The La Sportiva Ultra Raptor II Mid GTX is a trail running-inspired boot shoe that has been beefed to be one of the best all-terrain machines out there. With the comfort of a shoe and the support and traction of a boot, the Ultra Raptor punches well above its weight class. This is the hiking boot for you if you want the most capable cross-country footwear while also keeping weight down and prioritizing on-trail walking comfort — something that similarly capable, heavier-weight models don't always do a good job at.
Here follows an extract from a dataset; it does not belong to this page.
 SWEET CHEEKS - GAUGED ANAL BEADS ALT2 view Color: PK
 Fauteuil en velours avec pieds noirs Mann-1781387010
Our biggest complaint with the Ultra Raptor II Mid is the sizing: we had to reorder these boots in a half size larger than our normal street shoe size to achieve the right fit. We should also note that La Sportiva offers this boot in a wide version, so prospective users should be able to find the right fit armed with that knowledge. On the other hand, those with wide feet planning on treading trails that don't require high degrees of support may find the zero-drop Altra Lone Peak ALL-WTHR Mid 2 to be a comfortable fit.

Read more: La Sportiva Ultra Raptor II Mid GTX review

The La Sportiva Ultra Raptor II Mid GTX really impressed us with their performances on varied surfaces, including slippery transitions from wet to dry terrain.
Credit: Ryan Huetter

Best for Lightweight Hiking


Salomon X Ultra Mid 4 Gore-Tex


74
OVERALL
SCORE
  • Comfort 8.0
  • Support 7.0
  • Traction 8.0
  • Water Resistance 7.0
  • Weight 8.9
  • Durability 5.0
Weight (per pair): 1.85 pounds | Upper: Leather and textile
REASONS TO BUY
Supportive
Low weight
More comfortable than most
Fast
REASONS TO AVOID
Durability issues
Not as rugged as many heavier models

The Salomon X Ultra Mid 4 Gore-Tex is one of the lightest hiking boots we have worn. These boots keep the same mid-ankle support that we expect for off-trail travel and excursions with heavy packs while shaving nearly a half-pound from the previous model — through some kind of black magic we can only assume. These boots use the same ADV-C Chassis and ActiveSupport technologies as the low-top shoe version of this model, and we find that the support they offer is exceptional, wrapping securely around the foot to create a stable platform that resists rolling. Thanks to the Gore-Tex liner, they are waterproof, making them perfectly suited for nearly all terrain types and environments.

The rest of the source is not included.